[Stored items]
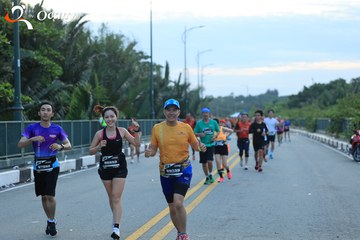 RUN TO LIVE 2025 - Ảnh #3282465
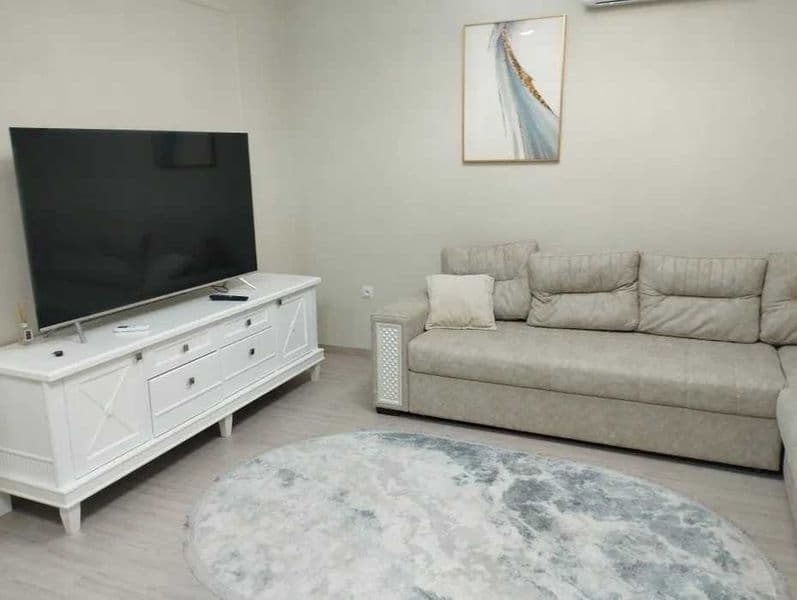 Сдается новая квартира в новостройке ЖК "Аристократ" с еврор — фото 2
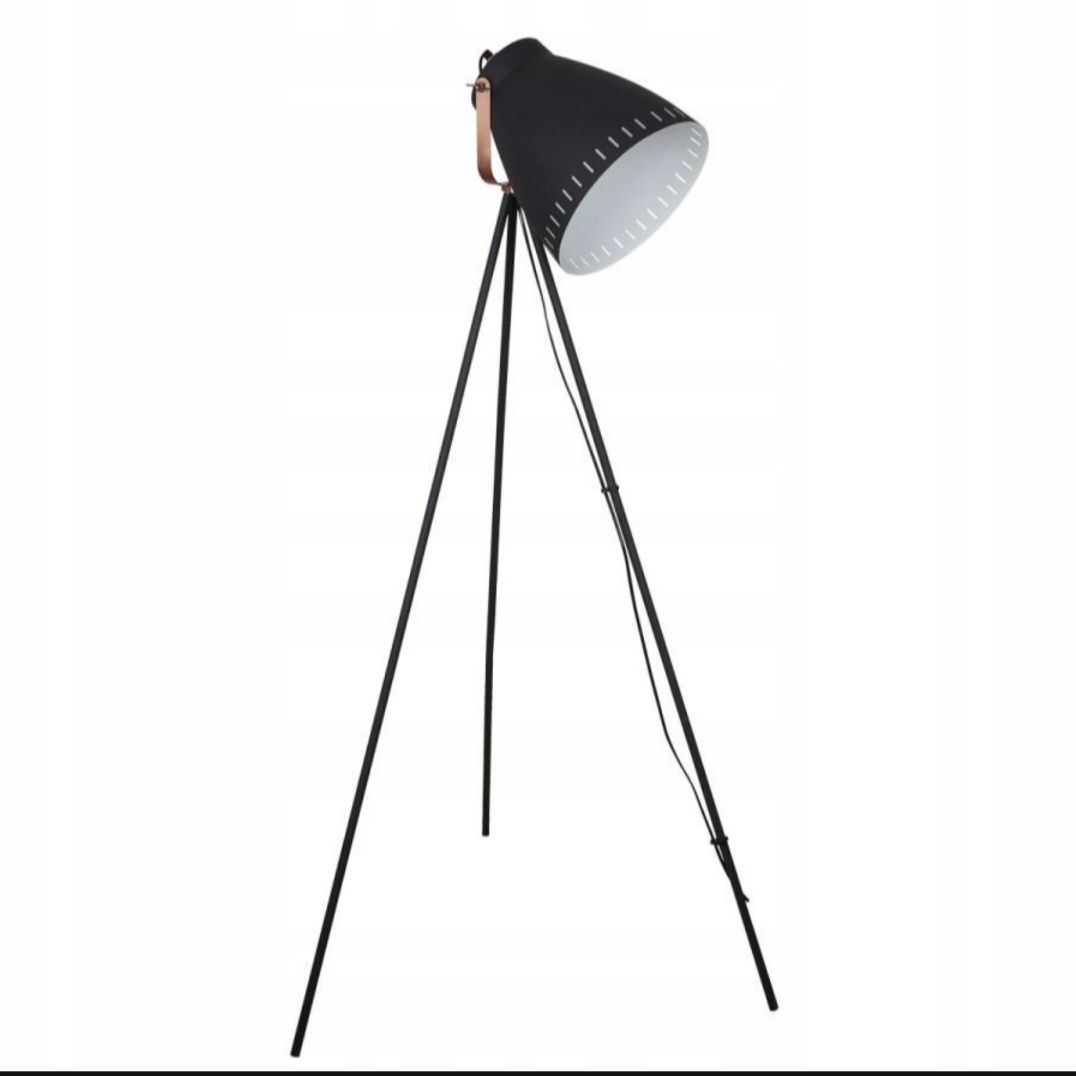 Lampa podłogowa FRANKLIN ML-HN3068-B+RC - Italux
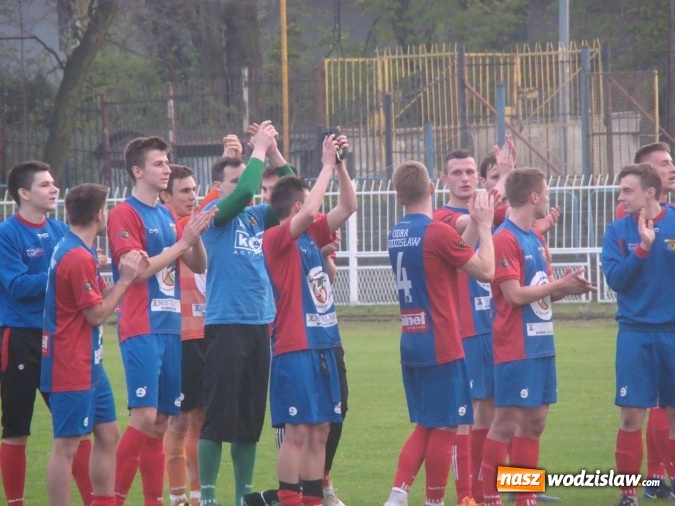 Zdjęcie w galerii na portalu naszwodzislaw.com: APN Odra pokonała kolejnego przeciwnika wiadomości z regionu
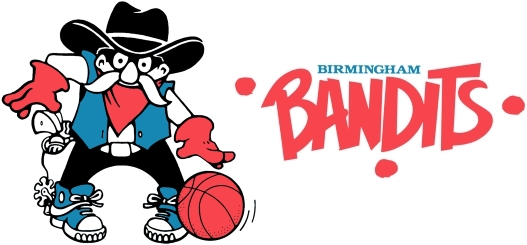 Birmingham Bandits logo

What is expected: All records are to be reproduced exactly; the pictures are to be omitted.

Completed exercise:
 RUN TO LIVE 2025 - Ảnh #3282465
 Сдается новая квартира в новостройке ЖК "Аристократ" с еврор — фото 2
 Lampa podłogowa FRANKLIN ML-HN3068-B+RC - Italux
 Zdjęcie w galerii na portalu naszwodzislaw.com: APN Odra pokonała kolejnego przeciwnika wiadomości z regionu
 Birmingham Bandits logo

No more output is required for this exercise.